ECLI:NL:CRVB:2011:BR5894
Centrale Raad van Beroep
- Hoger beroep
- Rechtspraak.nl
Intrekking van WAO-uitkering en medische beoordeling
In deze zaak gaat het om het hoger beroep van appellant tegen de uitspraak van de rechtbank Amsterdam, die het beroep tegen de intrekking van zijn WAO-uitkering ongegrond heeft verklaard. De Centrale Raad van Beroep heeft op 26 augustus 2011 uitspraak gedaan. Appellant, vertegenwoordigd door zijn advocaat mr. E. Wolter, heeft hoger beroep ingesteld tegen het besluit van het Uitvoeringsinstituut werknemersverzekeringen (Uwv) van 12 maart 2009, waarin zijn WAO-uitkering met ingang van 27 januari 2009 werd ingetrokken. Het Uwv baseerde deze beslissing op de resultaten van een verzekeringsgeneeskundig en arbeidskundig onderzoek, waaruit bleek dat appellant niet meer arbeidsongeschikt was.
De rechtbank heeft in haar uitspraak overwogen dat het Uwv zijn besluit op deugdelijke wijze heeft onderbouwd en dat de rapportages van de bezwaarverzekeringsarts en bezwaararbeidsdeskundige geen inconsistenties vertoonden. Appellant heeft in hoger beroep aangevoerd dat de medische beoordeling niet juist is en dat hij meer beperkt is dan door het Uwv is aangenomen. Hij heeft ook gewezen op informatie van zijn behandelaar, J. Cheddani, maar de Raad oordeelt dat appellant niet aannemelijk heeft gemaakt dat relevante informatie niet is betrokken in het onderzoek.

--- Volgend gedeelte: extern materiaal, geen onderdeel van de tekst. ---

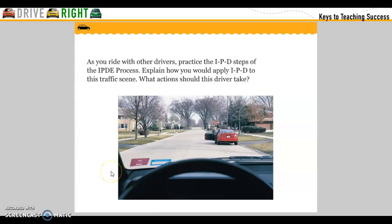As you ride with other drivers, practice the steps of the IPTID process. Explain how you would apply IPTID to the traffic scene. What actions should this driver take? Probably slow down a little bit and let her get into her car.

De Centrale Raad van Beroep bevestigt de uitspraak van de rechtbank en oordeelt dat het hoger beroep van appellant geen doel treft. De Raad concludeert dat de medische beoordeling zorgvuldig tot stand is gekomen en dat de in de functies voorkomende belastingen de mogelijkheden van appellant niet overschrijden. De Raad wijst erop dat appellant niet heeft onderbouwd dat de rapportages niet aan de vereisten voldoen, en dat zijn eigen opvattingen over zijn gezondheidssituatie onvoldoende zijn om de medische beoordeling te weerleggen. De uitspraak wordt openbaar uitgesproken en er is geen aanleiding voor een proceskostenveroordeling.